In Mannheim sorgen die Initiative „Mofa“ und der BDA Baden-Württemberg für Diskussionen zum Thema Umbaukultur.

Manchmal wird der Veranstaltungsort schon mal selbst zum Thema. Gemeint ist die Trinitatiskirche in Mannheim, in die die Initiative „Mofa“ (Mannheims Ort für Architektur) unter dem Motto „Ist das Baukultur oder kann das weg?“ eingeladen hat. Es soll um Mannheimer Nachkriegsbauten gehen – und um das Gotteshaus selbst: Weil sein freistehender Glockenturm bald abgerissen werden könnte, haben die „Mofa“-Initiatoren die BDA-Ausstellung „Gefährdete Arten“ auf den Vorplatz der Kirche geholt und auf Beispiele aus der Stadt fokussiert – vom Trinitatisturm über den Bürotrakt des Collini-Center bis zum Sparkassengebäude am Paradeplatz.

Pikant ist, dass die Trinitatiskirche eigentlich beispielhaft für eine gute Umnutzung ist, Ideen für ihren Turm aber bisher an Auflagen des Denkmalschutzes scheiterten. Zum Auftakt gibt BDA Mannheim Vorsitzender Johannes Striffler einen Einblick, wie sein Vater 1959 das Gotteshaus baute und wie es zum „EinTanzHaus“ wurde – heute eine der interessantesten Bühnen der Stadt. „Es geht darum, Vielfalt zu erhalten“, eröffnen Kuratorin der Ausstellung „Gefährdete Arten“ Bernita Le Gerrette (BDA BW) und Dennis Ewert („Mofa“) mit Maren Harnack (University of Applied Sciences Frankfurt), der Architekturkritikerin Ursula Baus („marlowes“) und Landeskonservator Martin Hahn die Diskussion. Peter Brückner (Brückner& Brückner) gibt einen Einblick in Umbauten seines Büros, die nicht teurer als ein Neubau sein müssten. Zudem ginge es um ein Stück Erinnerungskultur.

Die Chance zur Umnutzung hat man indes beim Büroturm des Collini-Centers verschenkt – ein Neubau von schneider+schumacher ist längst beschlossen.
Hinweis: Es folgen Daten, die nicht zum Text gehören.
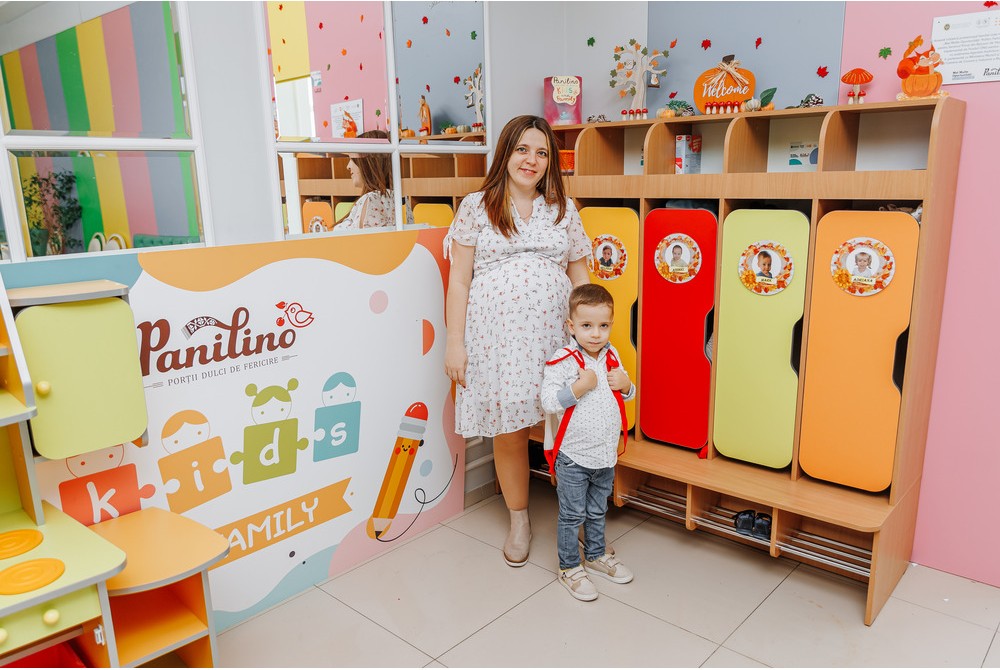 Anastasia has been working at "Panilino" since 2018. At 33 years old, she is a mother of three and is soon expecting her fourth child.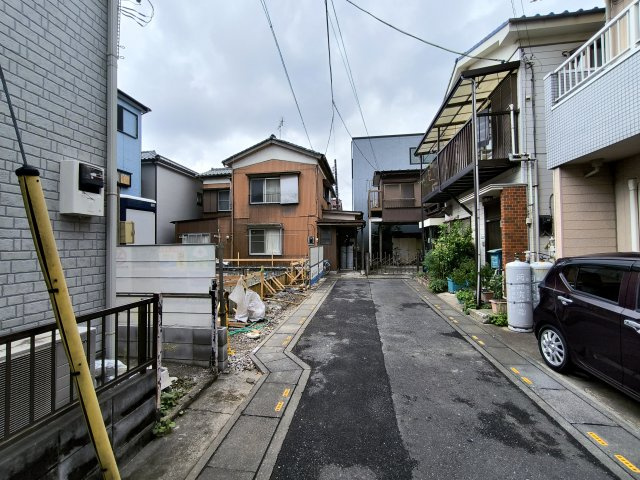 八潮市　木曽根　新築戸建　全1棟の前面道路含む現地写真|前面道路含む現地写真です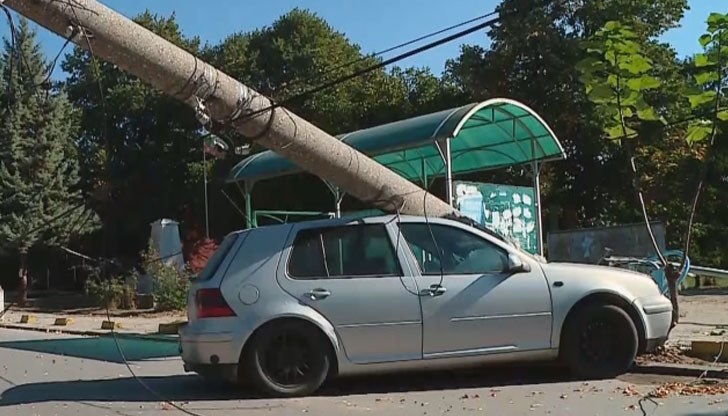 Пред униформените 42-годишния собственик на потрошената кола признал, че той е бил зад волана в момента на катастрофата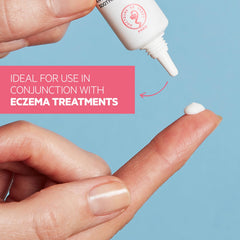 SVR Palpebral Eye Cream tube close-up highlights smooth, hydrating texture.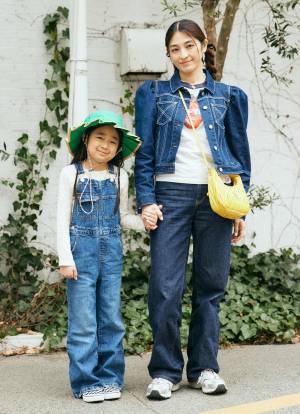 デニムで簡単親子リンク♡ 『ZARA』キッズのオールインワンがめちゃかわ！ | HugMug - 親子で楽しむファッションやライフスタイル情報を届けるママメディア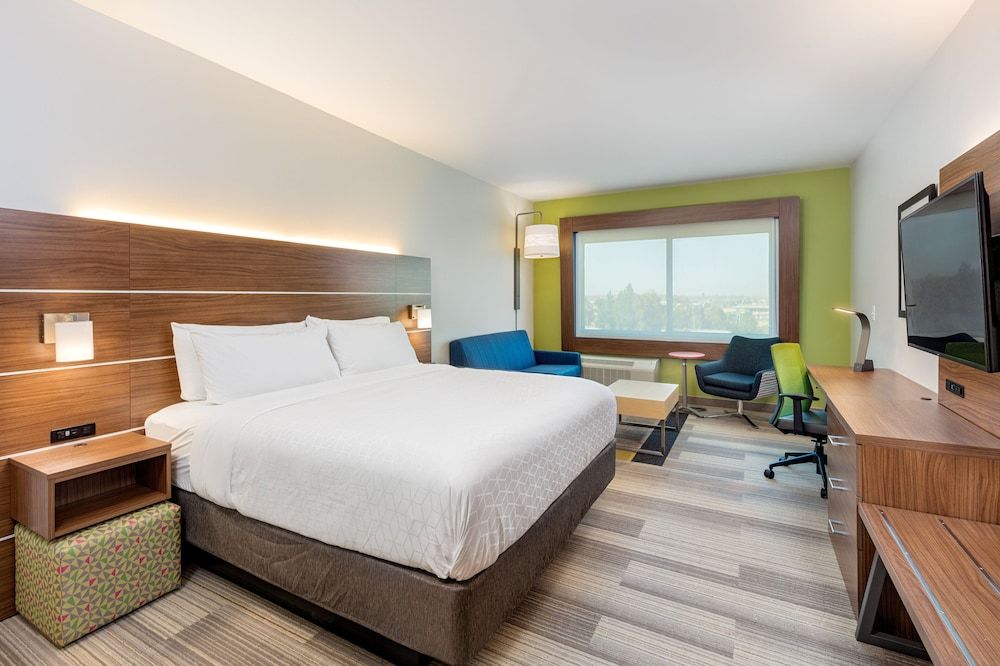 Suite, 1 King Bed, Accessible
Der benachbarte Wohnturm bleibt nur erhalten, weil ihn seine Eigentümer und Bewohner instandhielten, während die Stadt ihren Teil des Ensembles verfallen ließ, wie Thomas Holzner vom Verein „Wir im Collini“ kritisiert. Dabei gehörten aus seiner Sicht Galerie, Büro- und Wohnturm zusammen unter Denkmalschutz – dem schloss sich Ursula Baus an. Es sei ein Skandal, dass die Stadt ihren Teil an einen Investor verkauft habe. Warum das ganze Ensemble nicht geschützt wurde? „Es besitzt zwar eine städtebauliche Fernwirkung“, räumt Landeskonservator Martin Hahn ein. Seine Konzeption sei aber im Vergleich mit anderen nicht ausreichend innovativ.

Wenige Meter weiter bröckelt an den Berufsschulen am Neckar die Fassade – dass auch sie abgerissen werden, gilt als wahrscheinlich. Und was wird aus dem „Forum“ daneben, wenn das dortige Jugendkulturzentrum in die U-Halle auf Spinelli zieht? „Wir müssen darauf achten, dass Qualitätvolles erhalten bleibt, auch wenn es nicht unter Denkmalschutz steht“, fordert Maren Harnack ein – auch aus ökologischen Gründen: Die Herstellung und Entsorgung von Baumaterialien sorge für acht Prozent der Treibhausgase. Aus Altem sollte das neue Neu werden – „aus jedem Gebäude ließe sich etwas machen.“ Gerade der öffentlichen Hand fehle dazu aber oft der Wille. Und der Mut.